Steve Jobs

Steve Jobs

Apple Inc. co-founder Steve Jobs’ ties to De Anza College ran deep. Not only did Jobs attend De Anza College in the 1970s, he also introduced the original Apple Macintosh during a 1984 news conference at the Flint Center on the De Anza College campus.

Jobs was born in San Francisco in 1955 to two University of Wisconsin graduate students who gave him up for adoption. His adoptive parents, Clara and Paul Jobs, lived in Mountain View. Jobs and his father would work on electronics in the family garage, and as a teen, Jobs spent his free time at Hewlett-Packard, where that he befriended computer club guru Steve Wozniak. After high school, Jobs enrolled at Reed College in Portland, but he dropped out after six months, though he later attended De Anza College over two semesters.

Jobs and Wozniak conceived a series of user-friendly personal computers.
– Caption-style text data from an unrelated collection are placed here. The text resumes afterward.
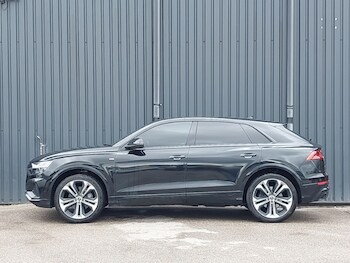 Used Audi Q8 2022 for sale - 78125634: Photo
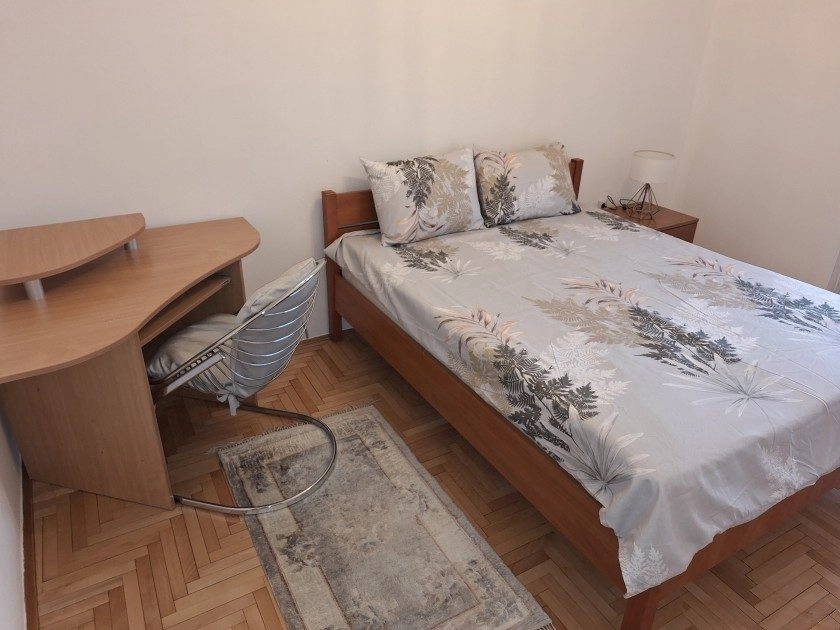 Jednosoban-stan-45-m²-u-Pobrezju-Podgorica-1 Izdavanje: Jednosoban stan 45 m² – Pobrežje, Podgorica — fotografija 2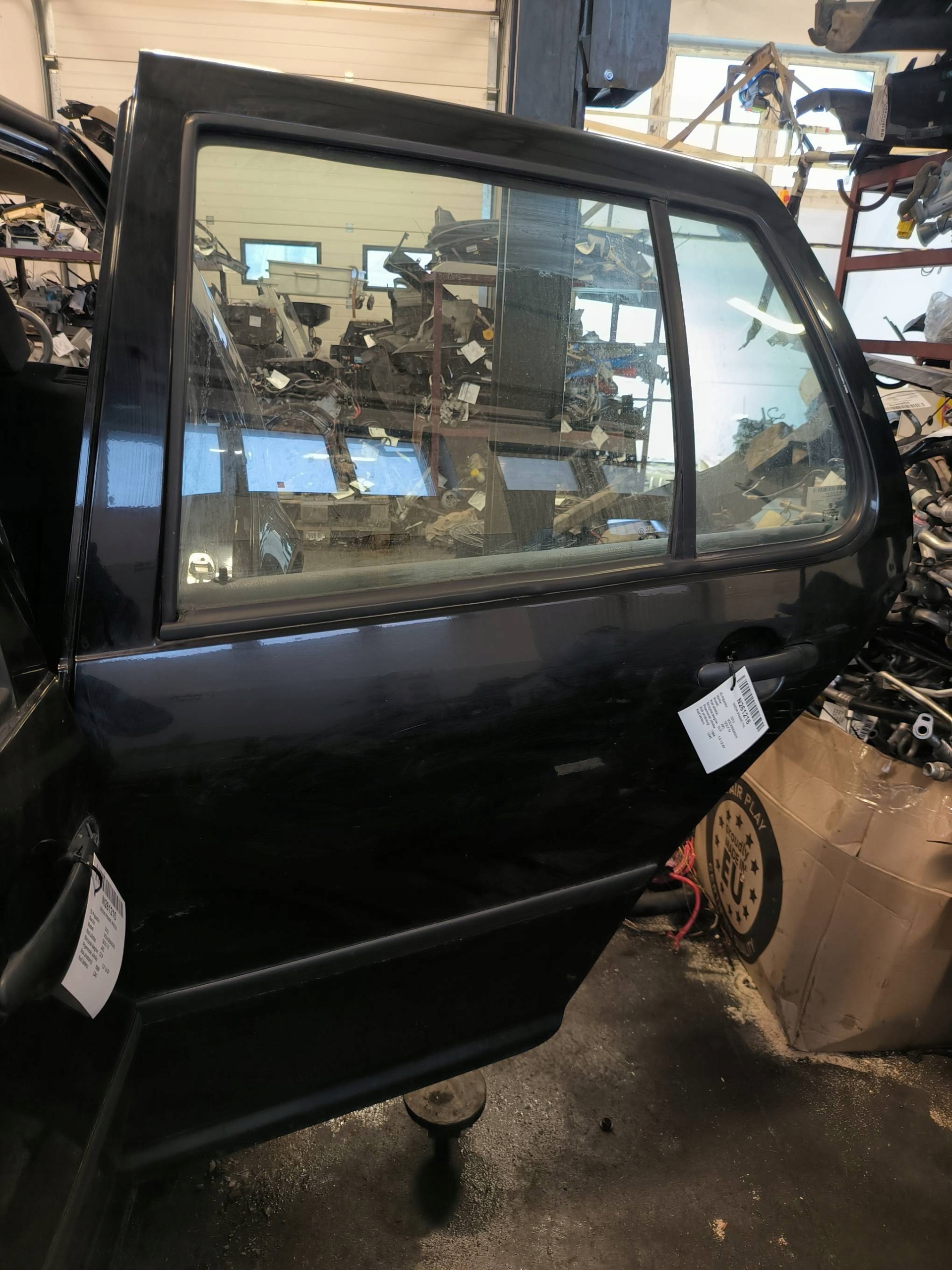 Tür links heck L041 VOLKSWAGEN GOLF IV HB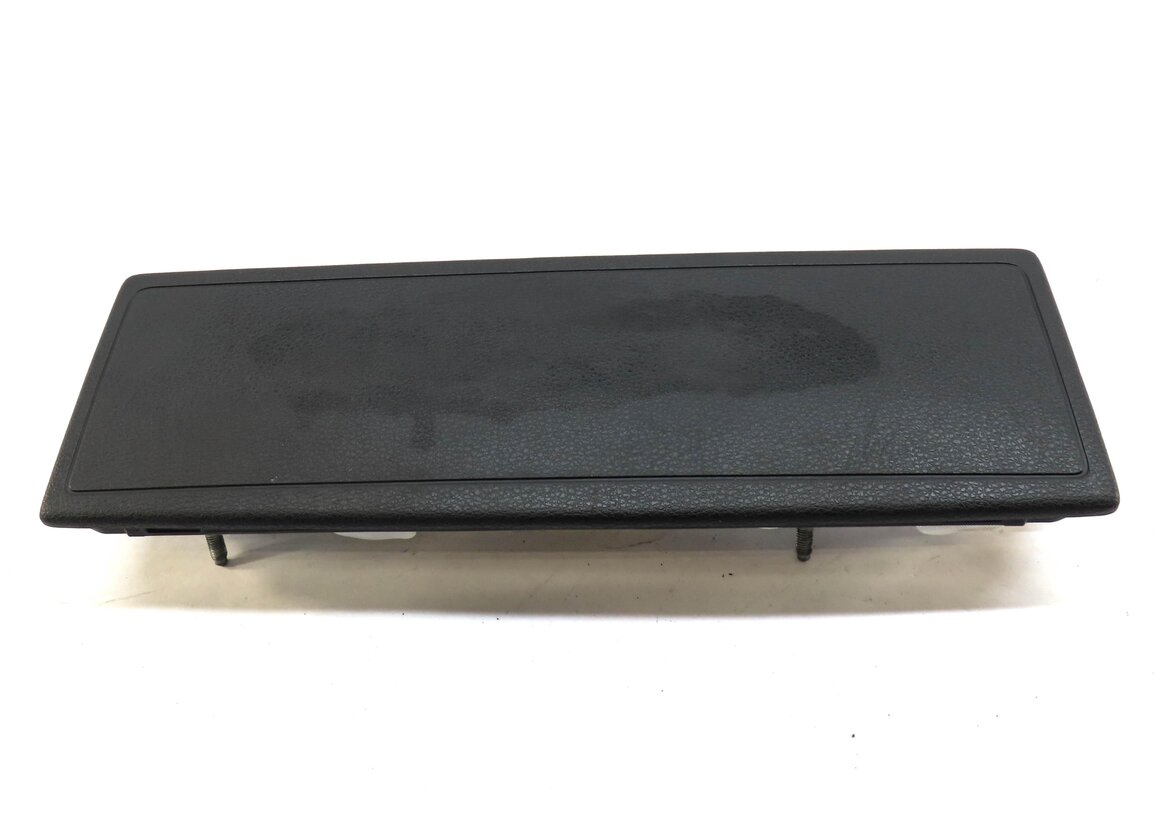 Thumbnail 2: 2015-2018 AUDI A3 S3 (8V) RIGHT FRONT PASSENGER KNEE AIRBAG AIR BAG SRS (BLACK)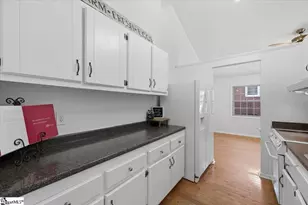 27 Cherrylane Dr, Greenville, SC 29617 - Photo 16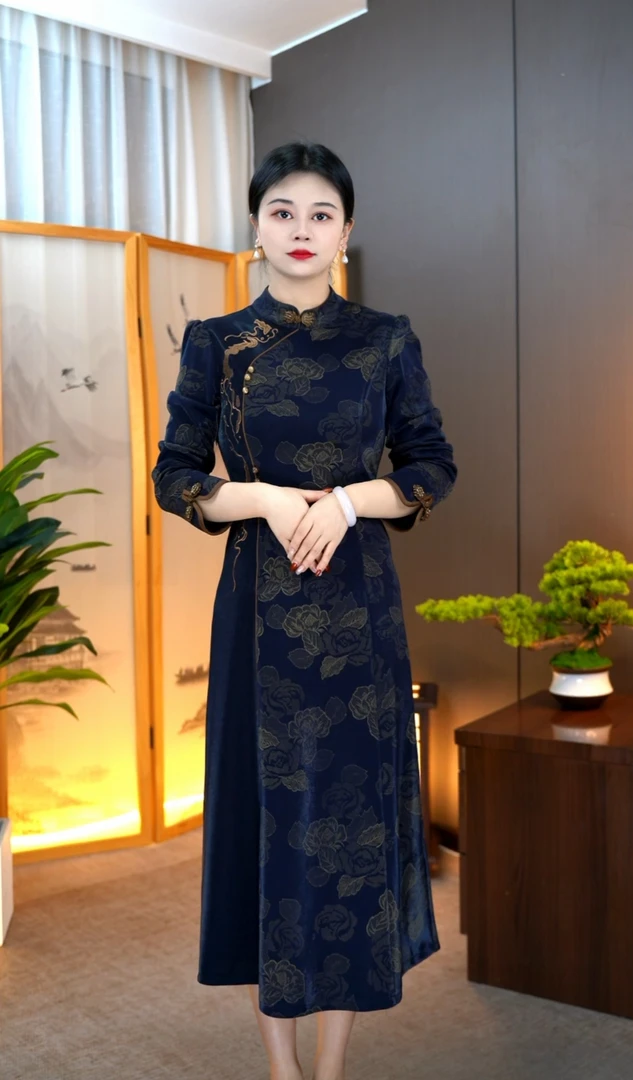 2025年春季新款时尚气质盘扣长袖妈妈装遮肉显瘦中长款优雅连衣裙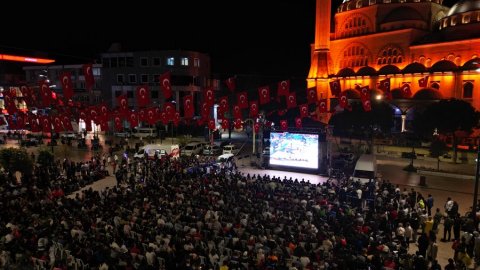 Maltepe Belediyesi 12 Dev Adam için Cumhuriyet Meydanı’na dev ekran kurdu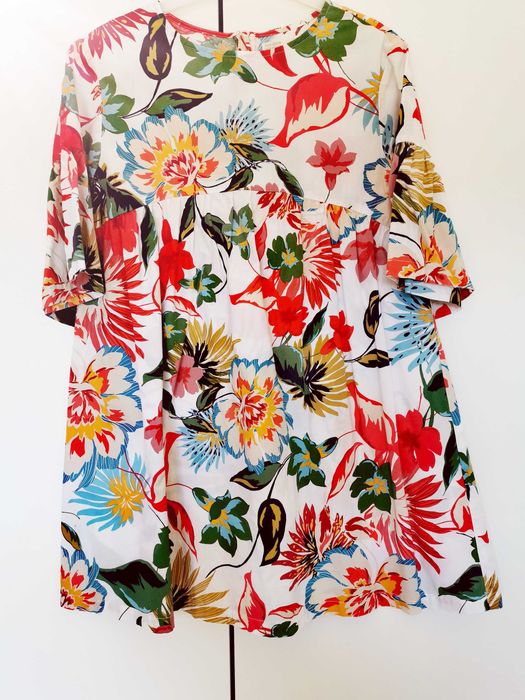 VESTIDOS oportunidade Menina (4A 6A 8A 10A) 13€ cada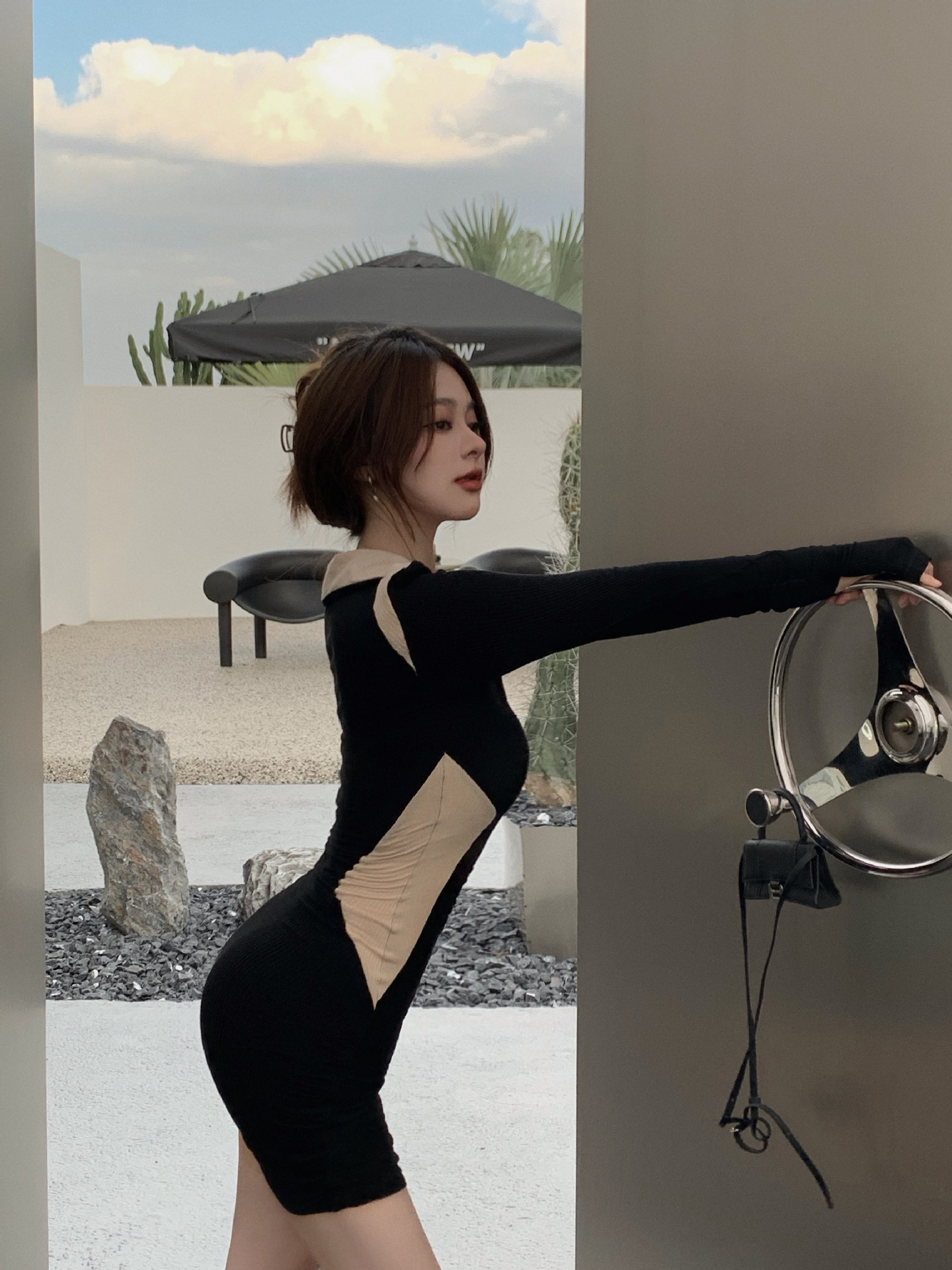 腰部镂空性感连衣裙图片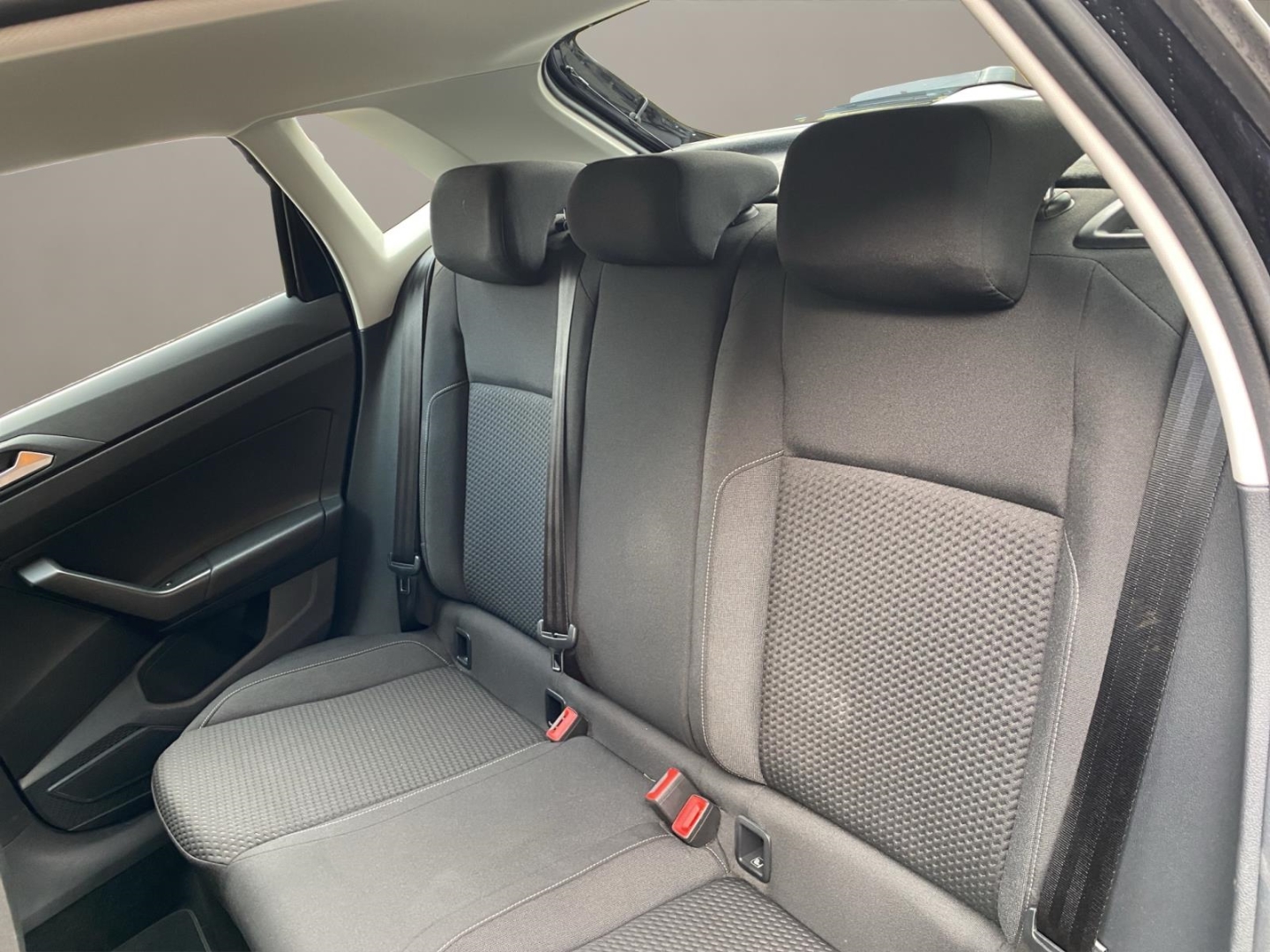 VW Polo VI Comfortline, Climatronic,Sitzheizung,Parksensoren, deep black perleffekt (schwarz) – Bild 12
Their first model, the Apple I, earned them $774,000, and revenues grew to $139 million in the years following the releasee of the Apple II. In 1980, Apple Computer became a publicly traded company with a market value of $1.2 billion on the very first day of trading. But despite positive sales and performance superior to IBM's PCs, the Macintosh was still not IBM-compatible. Top executives believed Jobs was hurting Apple and executives began to phase him out.

In 1985, Jobs resigned as Apple's CEO to begin a new hardware and software company called NeXT Inc. The following year Jobs purchased an animation company from George Lucas, which later became Pixar Animation Studios. Pixar went on to produce wildly popular animation films such as “Toy Story,” “Finding Nemo” and “The Incredibles.”

Despite Pixar's success, NeXT Inc. floundered in its attempts to sell its specialized operating system to mainstream America. Apple eventually bought the company in 1997 for $429 million. That same year, Jobs returned to his post as Apple's CEO.

Jobs is credited with revitalizing the company in the 1990s. With a new management team, products such as the iMac, effective branding campaigns, and stylish designs caught the attention of consumers once again.

Apple would go on to introduce such revolutionary products as the MacBook Air, iPod, and iPhone, all of which have dictated the evolution of modern technology.